Most upvoted comments

@Faptimus420

Instead of ((img, img, img), label), we can have {"inp1":img,"inp2":img,"inp3":img}, label. The format you mentioned is not possible because

If x is a dataset, generator, or [keras.utils.Sequence](https://www.tensorflow.org/api_docs/python/tf/keras/utils/Sequence) instance, y should not be specified (since targets will be obtained from x).

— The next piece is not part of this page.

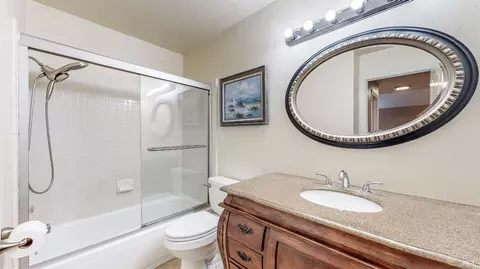 Bath - 414 Princess Way, Windsor, CA 95492 photo 2 of 7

source: https://www.tensorflow.org/api_docs/python/tf/keras/Model#fit

@ghylander

I have a working script (i.e., the model trains smoothly), but I am not sure if that is what you want. Please take a look and let me know:

The key issue here is that we are inspecting only the inputs and not the outputs. Note that the model architecture is 3 inputs, 1 output. Thus, our dataset should be in that format as well. See the image below.

Now, the current dataset has the structure: ((img, label), (img, label), (img, label)) but actually we want it to be ((img, img, img), label). So, we simply write a function which does exactly this and map the dataset accordingly.

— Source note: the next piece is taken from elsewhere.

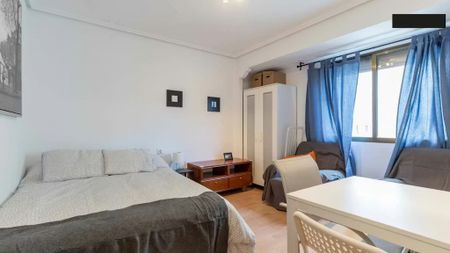 Carrer de Sant Vicent Màrtir, Valencia, Valencian Community 46007 - Photo 4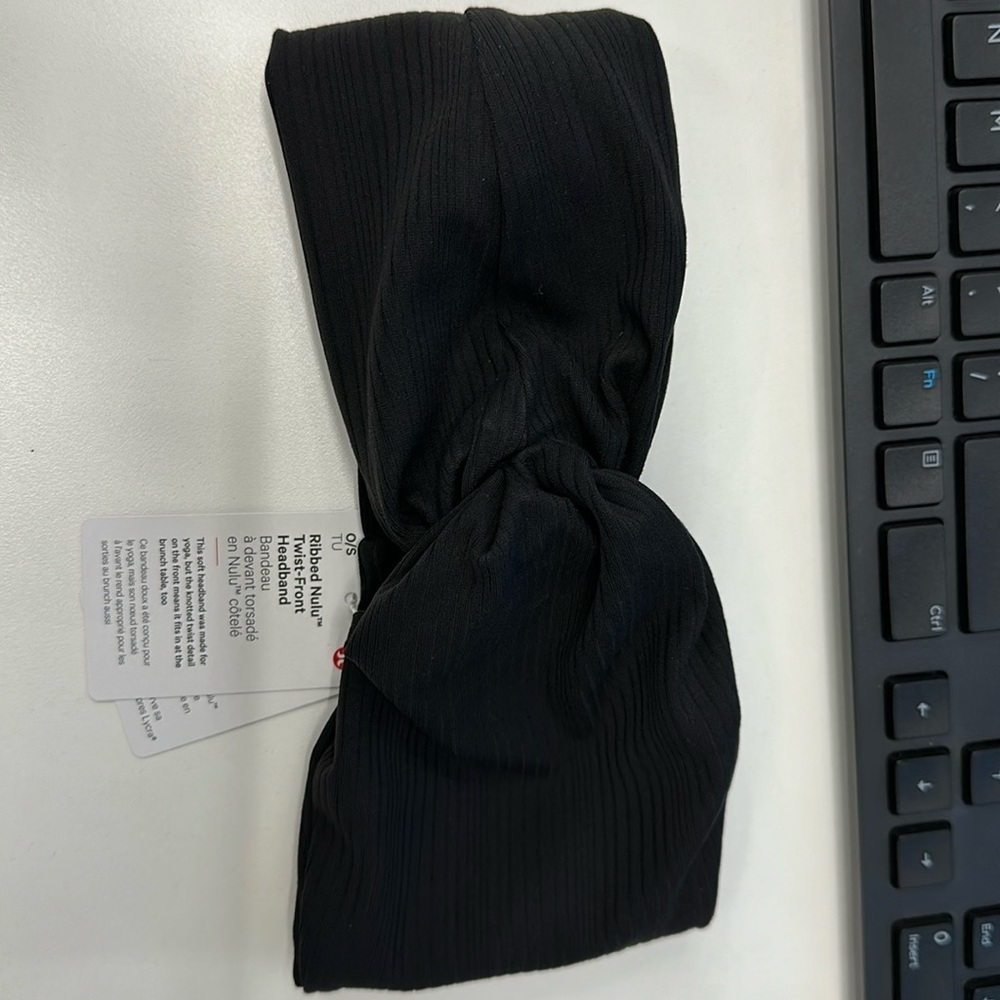 Lululemon Women's Ribbed Nulu Twist-Front Headband. Never worn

def post_zip_process(example1, example2, example3):
    print((example1[0], example2[0], example3[0]), example1[1])
    return (example1[0], example2[0], example3[0]), example1[1]

train_dataset_zip = train_dataset_zip.map(post_zip_process)
validation_dataset_zip = validation_dataset_zip.map(post_zip_process)

And the training works just fine. Please take a look at the gist here.

image

/cc @Faptimus420 @rozhanroukhosh @gowthamkpr @sushreebarsa

The code I posted is executable top to bottom (given you meet the dependency, tensorflow). While it uses the cats and dogs tensorflow dataset, it mimics exactly my real code, down to the same error with model.fit()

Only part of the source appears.